The city ordered her out of the junkyard shortly after her brush with fame, saying “dwellings and residences of any kind” were prohibited in the manufacturing district.
Only city councilmember Paul Rekstad voted against kicking the ex-nun out.
“Winona will just end up with more egg on it’s face,” Rekstad said. “As I see it, they’re harassing someone they don’t need to harass.”
On the same day the city council told Kral to move, Watters re-issued his statement about the dismissed nun, insisting he was powerless to reinstate her to the order.
Homeless again
Kral then found a home in the basement of the Seventh-day Adventist Church.
She lived there at the Main Street location for nearly a year and a half before the church asked her to leave because it lacked cooking and bathing facilities, the zoning laws prohibited the use of the church as a residence and the church’s insurance carrier wouldn’t cover the liability.
At the time, Kral said her eviction fulfilled a prophecy that other churches will join with the Roman Catholic Church in persecuting her.
Yet when the loading van showed up at the church, the pastor offered her a place to live at his own home in Fountain City.
When that didn’t work out, she kept moving to different private residences, one after another, until they didn’t work out.
Meanwhile, she remained a constant Winona figure.
“She was a little John the Baptist,” said Jim Galewski, former Daily News editor and columnist. “She loved playing the role of persecuted victim.”
Vanishing character
Kral appeared occasionally in court to bring a lawsuit against public officials, ranging from the mayor and the entire city council to several attempts to sue media outlets and her former order.

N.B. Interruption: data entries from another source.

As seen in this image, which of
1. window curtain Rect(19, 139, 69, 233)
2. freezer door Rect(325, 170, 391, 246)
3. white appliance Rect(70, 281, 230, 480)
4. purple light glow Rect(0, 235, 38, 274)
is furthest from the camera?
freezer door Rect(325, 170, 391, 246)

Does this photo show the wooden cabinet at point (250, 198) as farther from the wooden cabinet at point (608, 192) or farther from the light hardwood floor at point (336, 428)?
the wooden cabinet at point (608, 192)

Kral appeared constantly on the streets of Winona, waiting to talk to anyone who would stop to listen or read the messages on her bike. She often parked her bike at the public library racks. There she’d go to read, photocopy and photocopy some more.

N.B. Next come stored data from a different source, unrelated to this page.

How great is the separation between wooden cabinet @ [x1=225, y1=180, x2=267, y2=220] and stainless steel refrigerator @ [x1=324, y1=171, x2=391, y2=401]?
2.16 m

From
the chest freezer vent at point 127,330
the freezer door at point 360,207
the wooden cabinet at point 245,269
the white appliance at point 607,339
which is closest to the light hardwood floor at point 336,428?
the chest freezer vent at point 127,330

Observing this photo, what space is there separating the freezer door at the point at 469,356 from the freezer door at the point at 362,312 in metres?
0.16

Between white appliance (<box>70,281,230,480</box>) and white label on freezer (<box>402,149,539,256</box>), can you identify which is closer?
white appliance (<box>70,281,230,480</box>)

“She was totally herself. She couldn’t care what other people thought about her,” said Robin DeVries, a reference librarian who often interacted with Kral. “I loved having her here and talking to me.”
Schild said he could gauge her temperament and her health by that bike. The more items tied on to the bike, the better she was feeling; the more items written on the placard, the more issues she had her sights set on.
Back when the Winona Public Library still had public typewriters, she could be found for hours pounding out missives to editors, lawyers and clerics. She showed up regularly at the newspaper, often to drop off a letter or prey on a new reporter.
“She irritated editors. Reporters don’t need help wasting an afternoon,” Galewski said.
And some of those reporters didn’t mind the quirky sister.
“She was kind to me because I was kind to her. I listened,” Metzler said.
Editors listened, sometimes for just a moment. They frequently rejected the rambling, sometimes libelous letters out of hand.
Calmly and without raising a hand — in a tiny voice that seemed to have been borrowed from a schoolgirl — the firebrand nun would predict that the editor, like all the ones before him, would burn in hell.
“She did tell me to burn in hell, but she did it pleasantly,” said former Daily News editor Gary Evans. Evans is now the chief executive officer of HBC in Winona.
In her final years, the woman whose voice couldn’t seem to be muffled faded into the background as her health declined and she moved into an assisted-living facility.
A private family remembrance will be held in spring in Sleepy Eye, Minn., where she grew up.
As Kral moved into the junkyard in October 1981, she compared herself to the Biblical figure Job. “He lost everything. But when he lost it, he started getting it back,” she said, not knowing her struggle would last for a quarter century.
But Sister Elzear Lillian Kral’s story followed a different arc, and she didn’t get back what she once had. And on Tuesday, her struggle finally ended.
Darrell Ehrlick is the editor of the Winona Daily News.


JimmyK wrote on Mar 27, 2009 5:19 PM:
Mary Jean Kennedy "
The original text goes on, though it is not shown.